Aid agencies say much of the food and equipment arriving in the country is not getting to those who need it because the junta does not have the organisation to transport it.

A BBC correspondent inside Burma says aid delivery is haphazard and private citizens have begun to distribute water and cakes from the backs of their cars rather than waiting for the soldiers to help.

French news agency AFP reported that the military had imposed a curfew in some of the worst-affected areas in the Irrawaddy Delta region over fears that rice rations would be stolen.

"You can't go out after 7pm because the soldiers will shoot," a 60-year-old man from the village of Pyin Ka Yaing told an AFP reporter there.

'Immense frustration'

The BBC's South East Asia correspondent Jonathan Head says much of the aid that has arrived in the country has sat at the airport for days.

He adds that after more heavy rain, the survivors are living in wretched conditions and the fear of a further wave of deaths from disease is a real one.

An aid worker's account of conditions in Burma's Delta region (12 May)

World leaders have stepped up their rhetoric against the Burmese generals in recent days, with UN Secretary General Ban Ki-moon expressing "immense frustration" at what he described as their "unacceptably slow" response.

US President George W Bush described the generals as either "isolated or callous".

"There's no telling how many people have lost their lives as a result of the slow response," he told CBS radio.

Ms Byrs called for "at least an air or sea corridor to channel aid in large quantities as quickly as possible".

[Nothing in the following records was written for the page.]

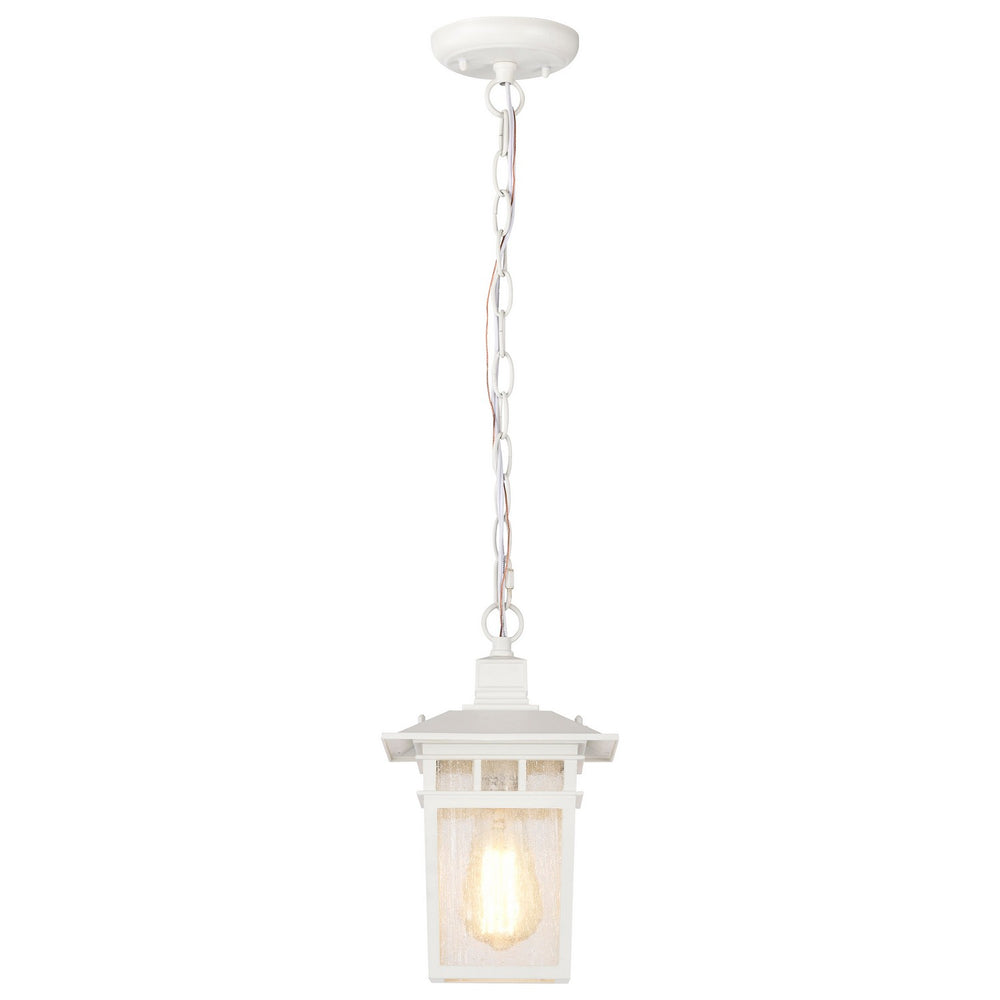 Nuvo Lighting - 60-4954 - One Light Hanging Lantern - Cove Neck - White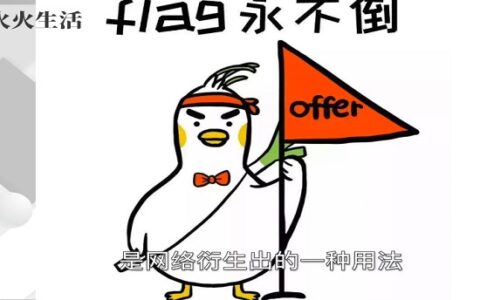 Flag是什么意思中文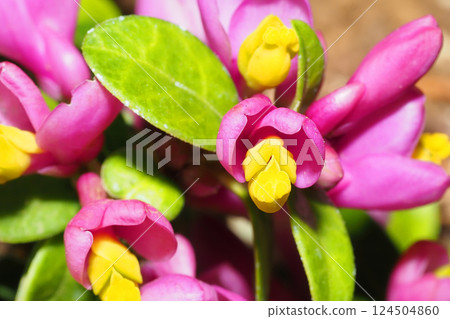 常盤姬萩花 常盤姬萩花 124504860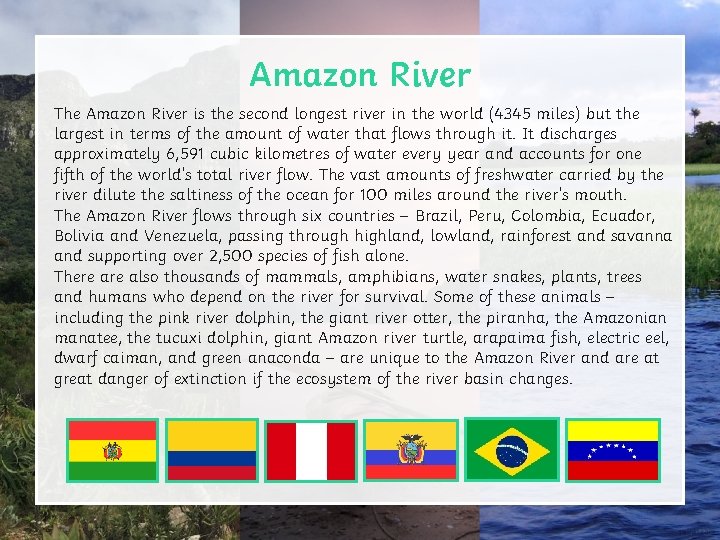 Amazon River The Amazon River is the second longest river in the world (4345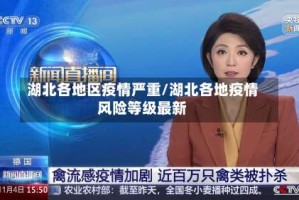 湖北各地区疫情严重/湖北各地疫情风险等级最新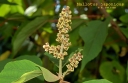 rośliny ozdobne - Mallotus japonicus syn.Croton japonicum C4/60-80cm *K8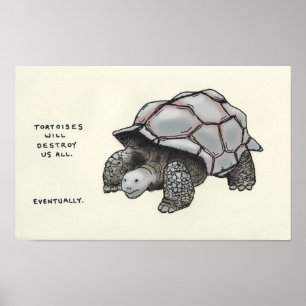 Poster tortue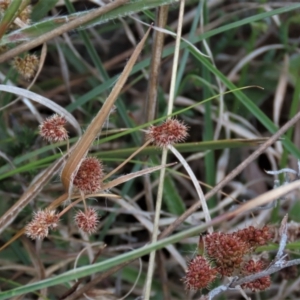 Luzula densiflora at Monash, ACT - 3 Nov 2021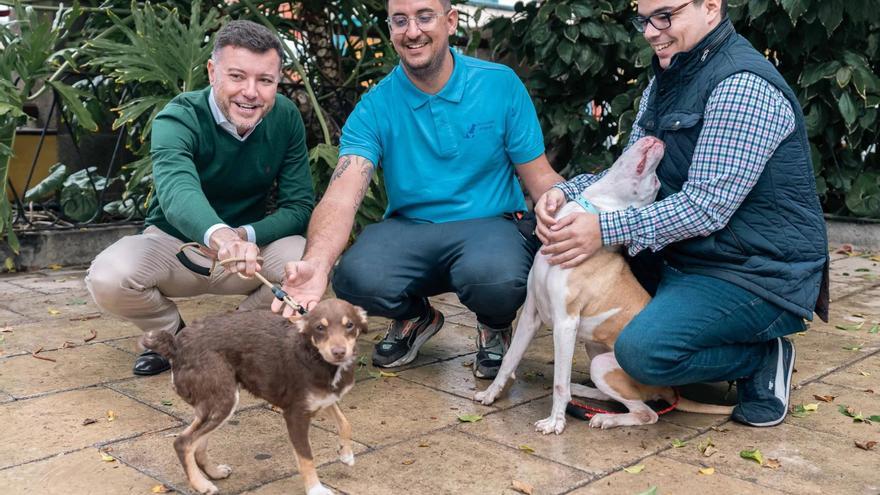 Decenas de mascotas participan en la primera jornada de bienestar animal en Gáldar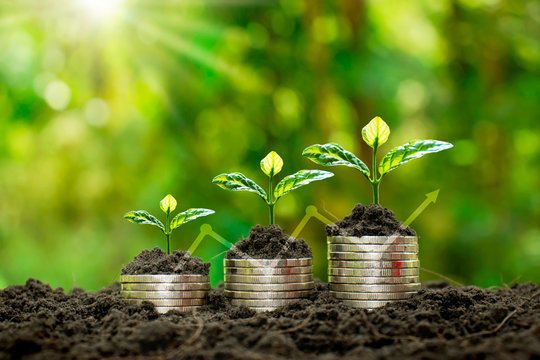 Plant small plants on coins stacked on the concept of saving money and growing money.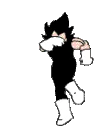 intslVegetaDancing emote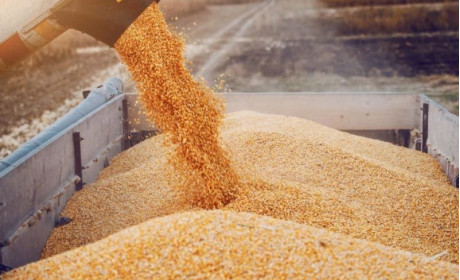 Giá nông sản toàn cầu dự báo tăng mạnh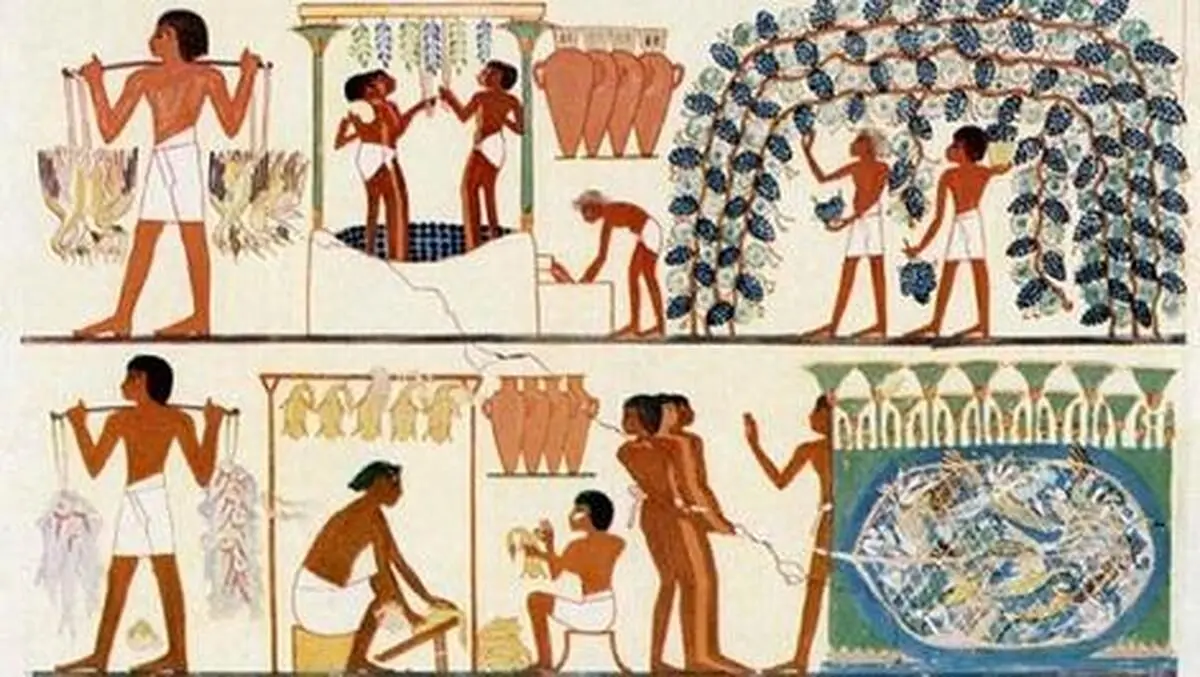 فراعنه در مصر باستان چه غذایی می‌خوردند؟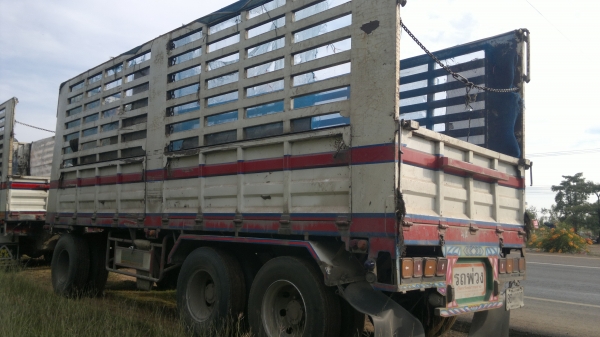 ขายรถ 24 ล้อ 2 เพลา กระบะคอกเหล็กเกษตรไม่ดั้ม MITSUBISHI FUSO Super Great 335 แรง ปี.55 รถสวย มี 3 พ่วง สนใจโทร จัดแน้นได้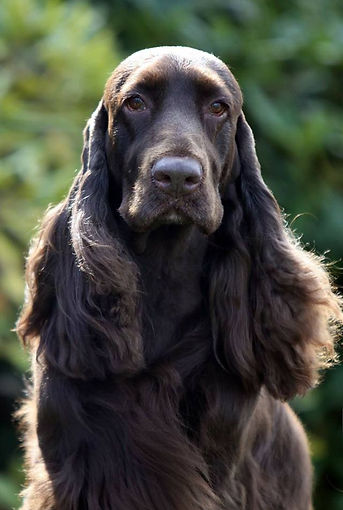 teddyheadshot.jpg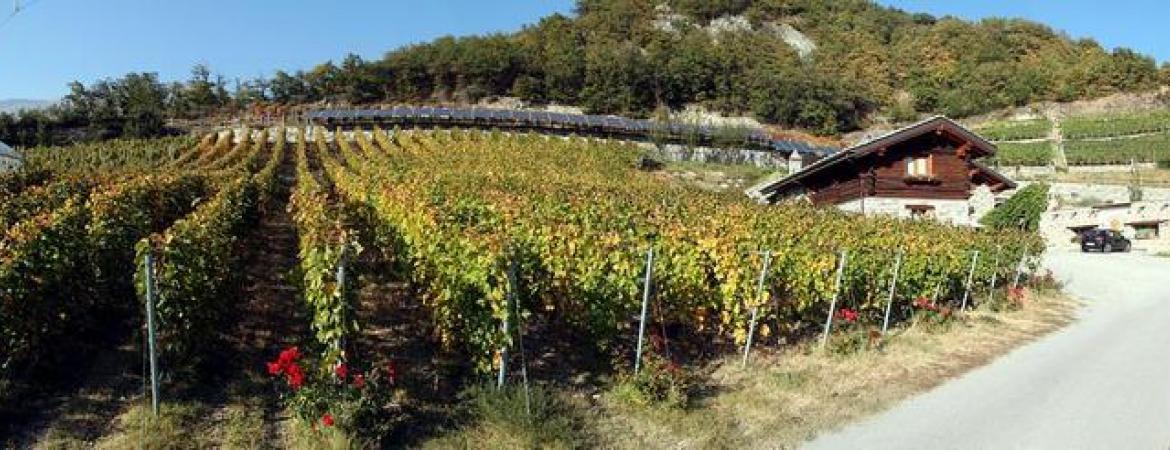 La Vrille di Hervé Daniel Deguillame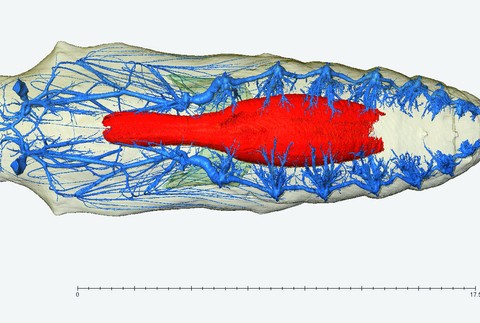Motýľ babôčka larva kukla vývoj štádium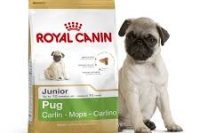  Royal Canin Pug:  
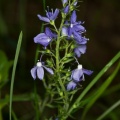 Veronica sp. (teucrium?)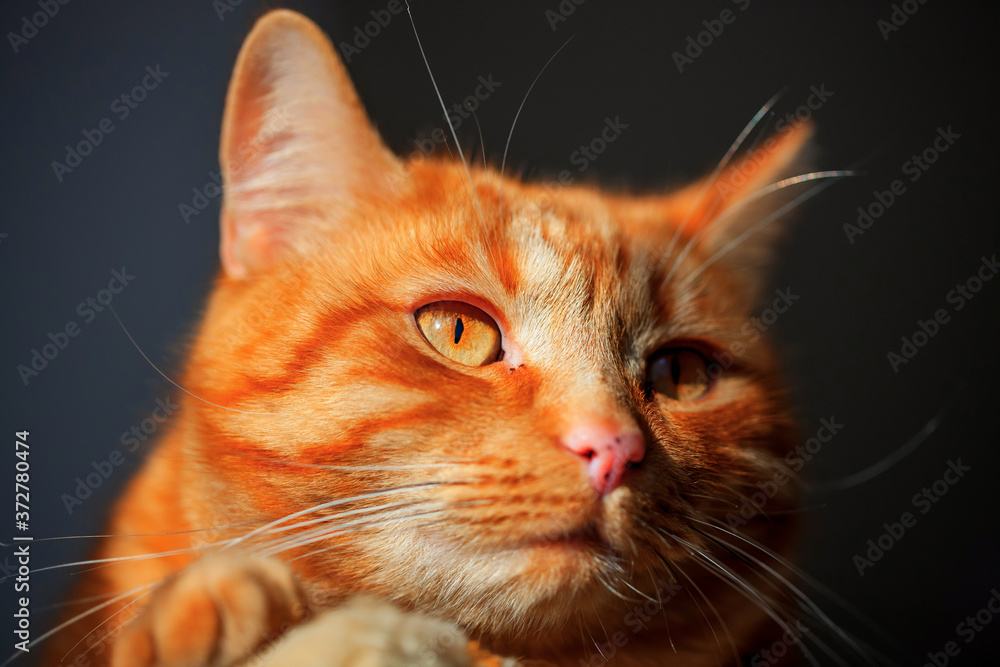 close up portrait of red cat with yellow eyes.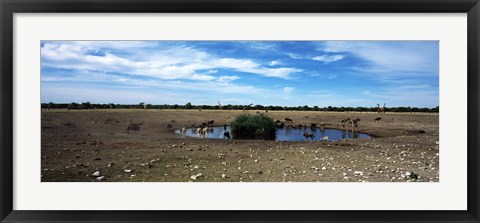 Framed Wild animals at a waterhole, Etosha National Park, Kunene Region, Namibia Print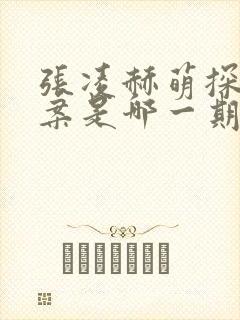 张凌赫萌探探探案是哪一期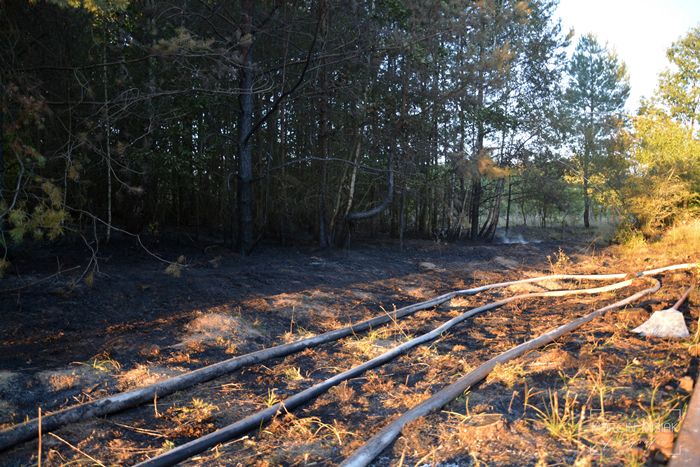 Pożar lasu w Dorotowie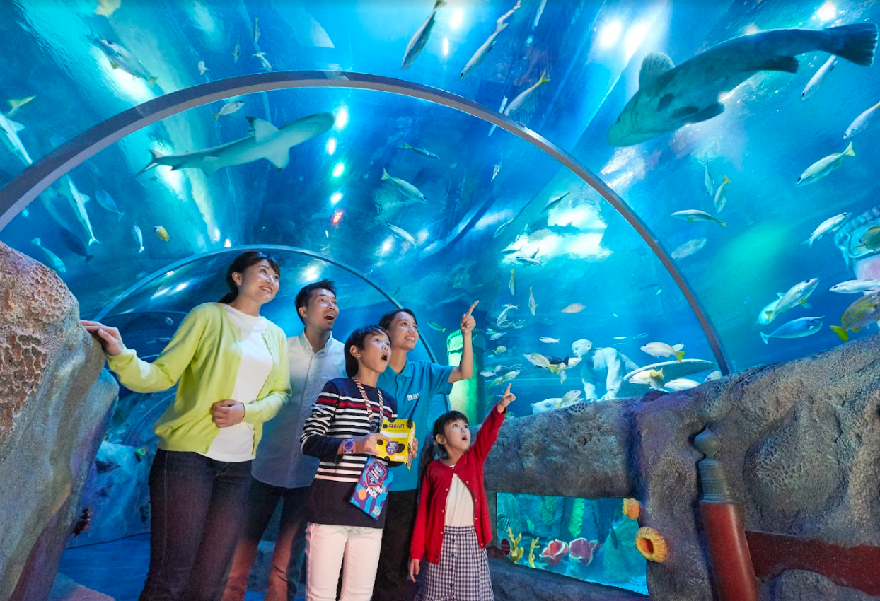 [즉시확정] 나고야 레고랜드+SEA LIFE 아쿠아리움 1일권 - 상품 이미지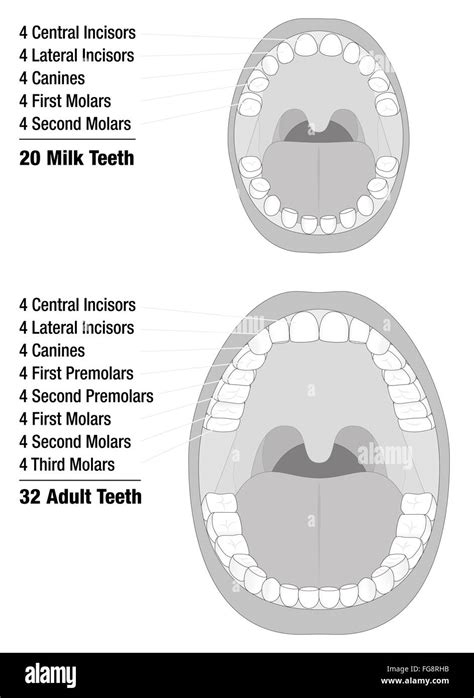 Milk Teeth - Adult Teeth - Comparison of temporary teeth of a child and permanent teeth of an ...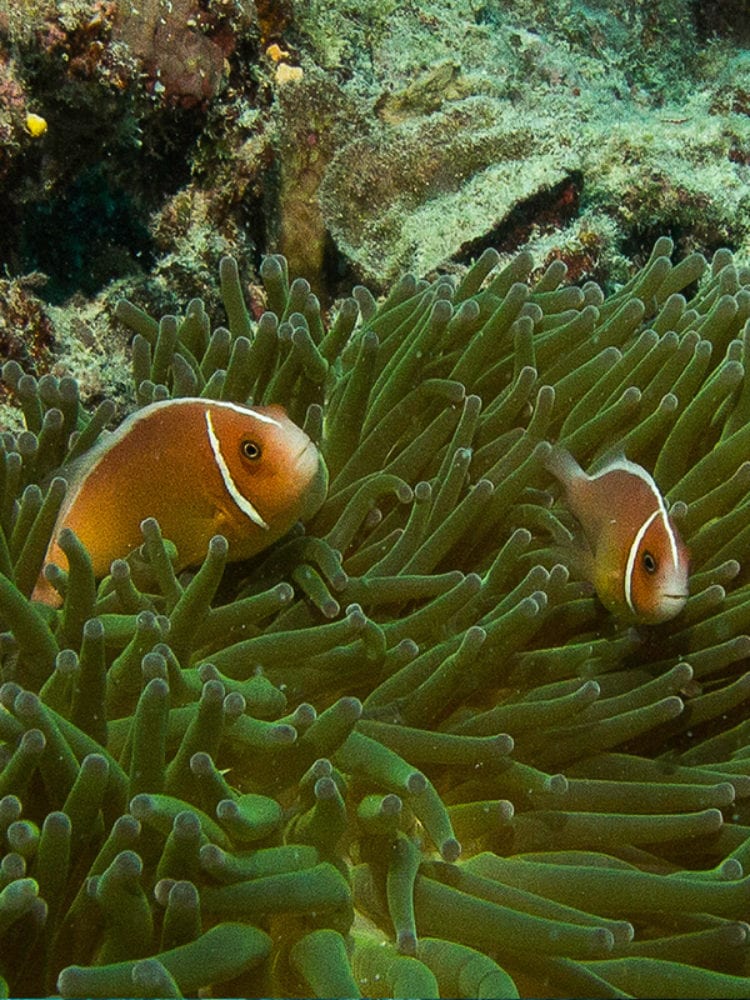 Anemone Fish Great Barrier Reef, Australia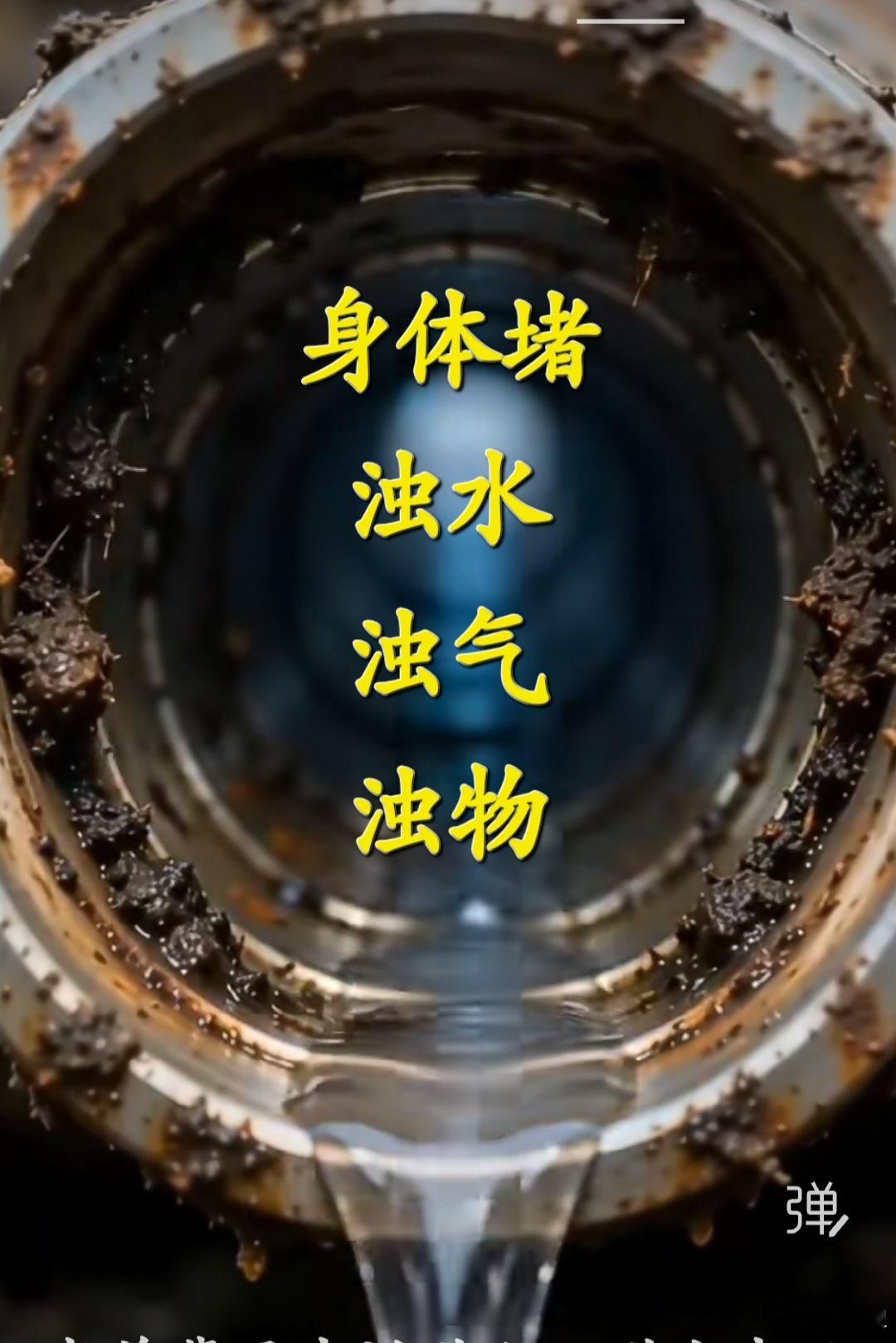 老前辈早告诉世人：世上本无病，全是瘀和堵！思想堵、肠道堵、尿道堵、血管堵、经络堵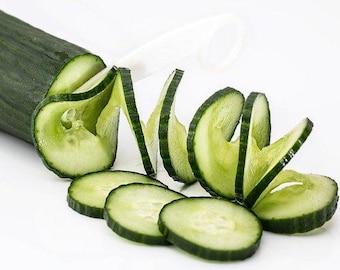May include: A fresh green cucumber, partially sliced, with some slices fanned out. The cucumber is on a white surface. The slices are arranged to create a decorative presentation.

The EU's foreign policy chief Javier Solana said the UN must use "all means necessary" to ensure aid got through to those who needed it most.

A US flight carrying about 13 tonnes of supplies including mosquito nets, blankets and water arrived in Rangoon on Monday followed by two flights from aid agencies carrying 56 tonnes of aid.

The UN says it has so far reached 270,000 people - but officials fear more than one million are facing cholera, fever or starvation.

Mr Ban said food aid provided so far might amount to less than a 10th of what was needed, and that rice stocks in the country were "close to exhaustion".